3) Transfer the commuted value to a copy cat annuity via a bank or insurance agency (some offering $10,000 cash back)

My thought process... (and struggles to decide)

-I am unsure of the long term stability of GM, thus impacting my pension.
-I believe the market is way over inflated and that the economy as a whole is due for a sizable downturn. (ie I would hate to have my money newly invested only to see it drop 30% or more and then have to rebuild.)
-Transfer the value of my pension to a annuity of say dejardins (who is offering the best rates atm)

Neither my pension nor a annuity would be indexed to inflation and that concerns me greatly. 

I am going to sell my house and either rent or downsize (my house will net as much as my pension) 

So I am asking for advice on what the best path forward for me would be... What would you do and why? How would you protect your money from inflation, a stock market crash or just play it safe and take the annuity/pension and invest the proceeds of the house? (what form and ratio would your investments take?)

thanks


----------



## cainvest (May 1, 2013)

So you're sitting on about $1.6M after house sale. What amount of $ do you plan (or at least need) to live on each year?


----------



## agent99 (Sep 11, 2013)

Sounds like you will have more than enough for your retirement.

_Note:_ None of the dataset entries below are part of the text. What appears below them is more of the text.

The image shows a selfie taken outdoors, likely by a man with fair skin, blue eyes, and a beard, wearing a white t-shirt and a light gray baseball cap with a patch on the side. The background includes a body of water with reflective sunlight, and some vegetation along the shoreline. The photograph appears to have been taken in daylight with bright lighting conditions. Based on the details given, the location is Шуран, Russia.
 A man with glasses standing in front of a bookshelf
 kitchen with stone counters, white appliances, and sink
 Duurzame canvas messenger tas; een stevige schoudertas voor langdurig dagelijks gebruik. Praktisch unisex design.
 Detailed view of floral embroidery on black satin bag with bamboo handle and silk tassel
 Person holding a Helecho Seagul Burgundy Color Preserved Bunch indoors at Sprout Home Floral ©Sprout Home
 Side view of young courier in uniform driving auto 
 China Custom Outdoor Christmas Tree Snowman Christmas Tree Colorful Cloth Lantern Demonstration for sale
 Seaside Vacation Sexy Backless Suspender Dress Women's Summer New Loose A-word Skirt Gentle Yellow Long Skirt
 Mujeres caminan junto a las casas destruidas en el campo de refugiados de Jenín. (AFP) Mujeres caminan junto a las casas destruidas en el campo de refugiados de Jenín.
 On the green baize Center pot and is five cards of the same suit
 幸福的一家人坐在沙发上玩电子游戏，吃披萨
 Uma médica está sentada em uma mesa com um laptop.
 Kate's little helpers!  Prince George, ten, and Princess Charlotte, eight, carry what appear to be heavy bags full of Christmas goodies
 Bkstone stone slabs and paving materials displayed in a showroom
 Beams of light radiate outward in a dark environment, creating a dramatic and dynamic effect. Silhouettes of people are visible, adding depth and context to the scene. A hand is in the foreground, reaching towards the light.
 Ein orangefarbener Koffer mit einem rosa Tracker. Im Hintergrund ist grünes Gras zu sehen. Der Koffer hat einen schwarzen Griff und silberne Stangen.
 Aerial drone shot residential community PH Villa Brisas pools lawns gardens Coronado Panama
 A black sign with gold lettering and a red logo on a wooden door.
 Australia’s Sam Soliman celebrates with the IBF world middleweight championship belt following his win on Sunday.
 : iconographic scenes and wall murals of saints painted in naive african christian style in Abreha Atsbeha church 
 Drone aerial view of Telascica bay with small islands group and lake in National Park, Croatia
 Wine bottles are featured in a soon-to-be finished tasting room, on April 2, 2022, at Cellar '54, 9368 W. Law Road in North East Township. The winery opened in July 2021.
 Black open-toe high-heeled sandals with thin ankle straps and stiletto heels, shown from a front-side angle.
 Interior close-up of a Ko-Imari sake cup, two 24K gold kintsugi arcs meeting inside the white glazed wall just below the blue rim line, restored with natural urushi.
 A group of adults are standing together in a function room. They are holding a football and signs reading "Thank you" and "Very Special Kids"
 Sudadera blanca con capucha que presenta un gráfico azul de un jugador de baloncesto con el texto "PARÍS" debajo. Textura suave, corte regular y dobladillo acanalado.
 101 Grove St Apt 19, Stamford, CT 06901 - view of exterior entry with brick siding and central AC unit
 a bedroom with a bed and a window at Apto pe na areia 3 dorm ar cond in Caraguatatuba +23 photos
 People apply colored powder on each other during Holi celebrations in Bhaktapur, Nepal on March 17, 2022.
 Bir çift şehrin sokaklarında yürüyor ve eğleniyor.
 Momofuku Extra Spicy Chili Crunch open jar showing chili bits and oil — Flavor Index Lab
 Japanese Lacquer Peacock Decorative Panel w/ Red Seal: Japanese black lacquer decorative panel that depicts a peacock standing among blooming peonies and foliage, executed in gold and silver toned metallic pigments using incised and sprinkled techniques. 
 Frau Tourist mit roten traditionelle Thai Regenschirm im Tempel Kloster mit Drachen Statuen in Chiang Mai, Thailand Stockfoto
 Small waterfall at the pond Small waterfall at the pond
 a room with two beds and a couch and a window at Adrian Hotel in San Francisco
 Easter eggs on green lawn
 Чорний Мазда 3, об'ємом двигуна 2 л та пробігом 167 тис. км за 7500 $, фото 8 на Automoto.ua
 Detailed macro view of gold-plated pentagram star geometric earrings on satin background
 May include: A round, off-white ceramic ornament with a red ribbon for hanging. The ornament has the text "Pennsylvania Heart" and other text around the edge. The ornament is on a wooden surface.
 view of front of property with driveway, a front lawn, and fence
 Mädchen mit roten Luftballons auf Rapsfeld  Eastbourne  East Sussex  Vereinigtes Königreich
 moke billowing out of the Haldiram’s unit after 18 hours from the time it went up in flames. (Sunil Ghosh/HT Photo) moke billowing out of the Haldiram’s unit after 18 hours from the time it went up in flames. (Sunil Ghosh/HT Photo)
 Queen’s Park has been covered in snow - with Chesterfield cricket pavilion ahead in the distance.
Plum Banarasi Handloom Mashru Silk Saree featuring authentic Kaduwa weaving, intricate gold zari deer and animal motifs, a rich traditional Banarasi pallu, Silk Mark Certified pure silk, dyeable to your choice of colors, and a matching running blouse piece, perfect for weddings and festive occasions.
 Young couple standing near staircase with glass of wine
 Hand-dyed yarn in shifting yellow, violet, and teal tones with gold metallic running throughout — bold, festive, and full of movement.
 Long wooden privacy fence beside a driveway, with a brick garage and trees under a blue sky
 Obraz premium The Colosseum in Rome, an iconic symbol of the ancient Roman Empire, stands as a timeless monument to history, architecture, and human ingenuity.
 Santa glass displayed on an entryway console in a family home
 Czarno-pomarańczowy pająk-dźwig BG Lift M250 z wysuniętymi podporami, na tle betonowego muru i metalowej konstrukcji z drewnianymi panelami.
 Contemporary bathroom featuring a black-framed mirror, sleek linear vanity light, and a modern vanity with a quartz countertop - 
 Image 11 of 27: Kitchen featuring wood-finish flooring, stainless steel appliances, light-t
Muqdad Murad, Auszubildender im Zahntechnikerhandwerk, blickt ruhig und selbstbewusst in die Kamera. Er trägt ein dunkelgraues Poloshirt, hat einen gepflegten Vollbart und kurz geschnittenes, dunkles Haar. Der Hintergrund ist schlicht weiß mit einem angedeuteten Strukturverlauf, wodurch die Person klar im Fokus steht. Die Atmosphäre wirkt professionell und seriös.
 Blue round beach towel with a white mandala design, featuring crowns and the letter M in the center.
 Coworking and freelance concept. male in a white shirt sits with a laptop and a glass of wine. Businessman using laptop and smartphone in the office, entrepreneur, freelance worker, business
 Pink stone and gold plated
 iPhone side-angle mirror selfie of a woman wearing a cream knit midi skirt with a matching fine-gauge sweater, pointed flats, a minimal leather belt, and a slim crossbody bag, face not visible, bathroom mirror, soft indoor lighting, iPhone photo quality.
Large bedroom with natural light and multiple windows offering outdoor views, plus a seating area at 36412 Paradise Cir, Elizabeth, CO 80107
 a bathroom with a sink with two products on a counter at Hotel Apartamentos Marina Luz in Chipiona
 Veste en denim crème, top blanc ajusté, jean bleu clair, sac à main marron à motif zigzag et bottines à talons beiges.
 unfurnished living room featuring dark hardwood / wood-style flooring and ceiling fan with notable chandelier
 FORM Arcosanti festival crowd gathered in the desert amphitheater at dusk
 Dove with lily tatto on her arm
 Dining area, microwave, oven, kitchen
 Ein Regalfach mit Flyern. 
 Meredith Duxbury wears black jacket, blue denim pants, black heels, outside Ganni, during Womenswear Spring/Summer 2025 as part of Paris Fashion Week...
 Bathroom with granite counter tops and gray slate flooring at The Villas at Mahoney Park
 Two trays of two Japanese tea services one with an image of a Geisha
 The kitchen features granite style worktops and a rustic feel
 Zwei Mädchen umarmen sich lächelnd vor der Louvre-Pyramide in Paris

I haven't given your choices much thought, but have a question. Do you feel you know enough to do your own investing? If not, finding a reliable company to manage your nest egg may be important.


----------



## skyhi (Sep 4, 2021)

i would end up with about 1.2 million after my house sale after taxes... I would need like 700 per week indexed to inflation.

I have some investing experience, but I am always learning and wondering what is better (reading more every day) that being said the stock market scares me atm as it is so over valued with printed money, how does one protect from losing too much if there is a crash this year?


----------



## cainvest (May 1, 2013)

skyhi said:


> i would end up with about 1.2 million after my house sale after taxes... I would need like 700 per week indexed to inflation.


So a quick rough calc with 1.2M starting at 37k a year (assuming half max CPP, full OAS taken at 65) your money alone (with a simple 1% return) would last you until you are 90. Of course a more detailed tax picture and/or list of other expenses would be needed for a better estimate.


----------



## ian (Jun 18, 2016)

From a purely financial perspective this is definitely the time to consider a commuted value. Interest rates are at their lowest, hence commuted values are at their highest. Much higher than they would be if short, medium and long term rates were a few percentages higher. This is not a recommendation that you take or not take the commuted value rather a statement of where the numbers fall at the current time.

Second comment would be that this may NOT the time to buy an annuity and you may not at the right age to consider one. Think of annuity prices as the opposite of commuted value numbers. The commuted pension values are high for the same reason that annuities are expensive. We decided long ago that we would not even consider an annuity before age 70, if ever.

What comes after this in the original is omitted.